The Truth About Toads

One midsummer night at the Fauna Club, some of the members fell to boasting, each of his own unique distinction or achievement.

“I am the real Macaw,” squawked the Macaw proudly.

“O.K., Mac, take it easy,” said the Raven, who was tending bar.

“You should have seen the one I got away from,” said the Marlin. “He must have weighed a good two hundred and thirty-five pounds.”

“If it weren’t for me, the sun would never rise,” bragged the Rooster, “and the desire of the night for the morrow would never be gratified.” He wiped a tear away. “If it weren’t for me, nobody would get up.”

“If it weren’t for me, there wouldn’t be anybody,” the Stork reminded him proudly.

“I tell them when spring is coming,” the Robin chirped.

“I tell them when winter will end,” the Groundhog said.

“I tell them how deep the winter will be,” said the Woolly Bear.

“I swing low when a storm is coming,” said the Spider. “Otherwise it wouldn’t come, and the people would die of a drought.”

The Mouse got into the act. “You know where it says, ‘Not a creature was stirring, not even a mouse’?” he hiccuped. “Well, gentlemen, that little old mouse was little old me.”

“Quiet!” said the Raven, who had been lettering a sign and now hung it prominently above the bar: “Open most hearts and you will see graven upon them Vanity.”

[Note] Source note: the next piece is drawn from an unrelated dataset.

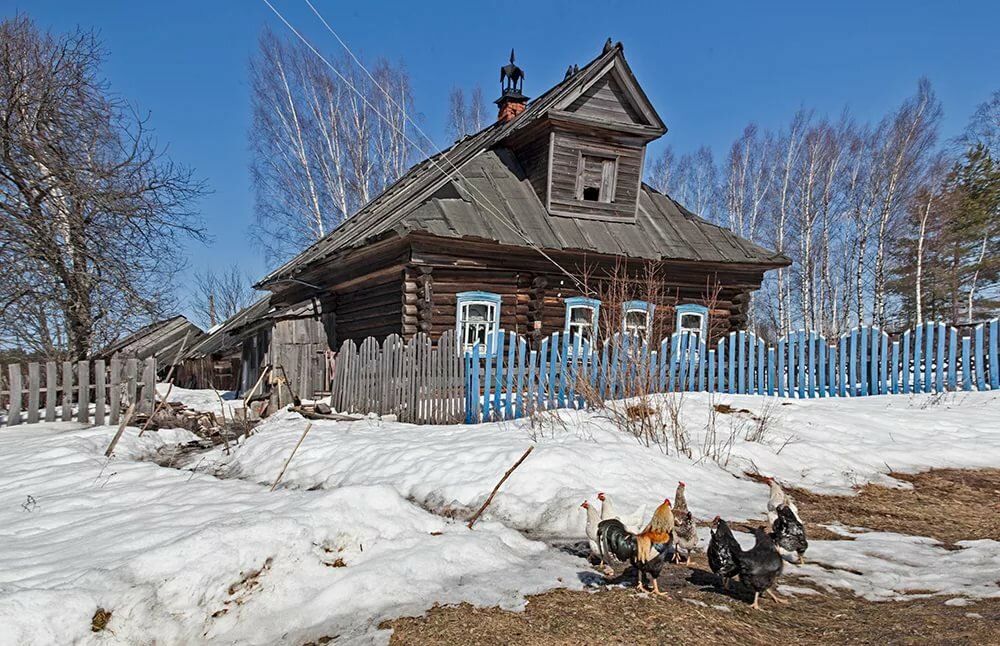 деревенский домик в марте фото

The members of the Fauna Club stared at the sign. “Probably means the Wolf, who thinks he founded Rome,” said the Cat.

“Or the great Bear, who thinks he is made of stars,” said the Mouse.

“Or the golden Eagle, who thinks he’s made of gold,” said the Rooster.

“Or the Sheep, who thinks men couldn’t sleep unless they counted sheep,” said the Marlin.

The Toad came up to the bar and ordered a green mint frappé with a firefly in it.

“Fireflies will make you lightheaded,” warned the bartender.

“Not me,” said the Toad. “Nothing can make me lightheaded. I have a precious jewel in my head.” The other members of the club looked at him with mingled disbelief.

“Sure, sure,” grinned the bartender, “It’s a toadpaz, ain’t it, Hoppy?”

“It is an extremely beautiful emerald,” said the Toad coldly, removing the firefly from his frappé and swallowing it. “Absolutely priceless emerald. More than priceless. Keep ’em comin’.”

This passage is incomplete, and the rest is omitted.